Engineering of Physical Aging to Optimize Carbon Molecular Sieve (CMS) Hollow Fiber Membranes

Carbon Molecular Sieve (CMS) hollow fiber membranes can transcend the permeability/selectivity upper bound for many important gas pair separations such as CO2 vs CH4 and C3H6 vs C3H8 [1 – 2]. Such membranes are made by pyrolyzing polymeric precursors under inert atmospheres to form amorphously distributed carbon sheets. The amorphous CMS material has micropores between sheets and includes ultramicropores within the sheets themselves.
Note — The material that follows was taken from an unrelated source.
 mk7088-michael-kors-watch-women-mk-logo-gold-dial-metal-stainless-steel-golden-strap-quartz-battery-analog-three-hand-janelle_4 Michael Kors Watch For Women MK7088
There is a driving force for the carbon sheets to arrange themselves into more thermodynamically stable, denser packing states with fewer and smaller micropores. This rearrangement causes a reduction in the penetrant diffusion jump lengths and sorption capacities, thereby reducing permeance. These complex changes are henceforth referred to as physical aging. Physical aging can potentially limit the utility of CMS membranes. Fortunately, physical aging can be minimized by introducing condensable sorbent molecules in the CMS micropores. These temporary molecular pillars still allow structural rearrangement of the micropores to reflect the size of the sorbed molecules. Ideally, removing the sorbent molecules via a purging technique before placing in service provides the CMS with sustained attractive performance. In this poster, hollow fiber properties and several engineered storage techniques of CMS will be discussed, along with the fundamental factors associated with each.

  1. Mayumi Kiyono. Carbon Molecular Sieve Membranes for Natural Gas Separations. Ph.D., Georgia Institute of Technology, Atlanta, GA, December 2010.
  2. Liren Xu. Carbon Molecular Sieve Hollow Fiber Membranes for Olefin/Paraffin Separations. Ph.D., Georgia Institute of Technology, Atlanta, GA, December 2012.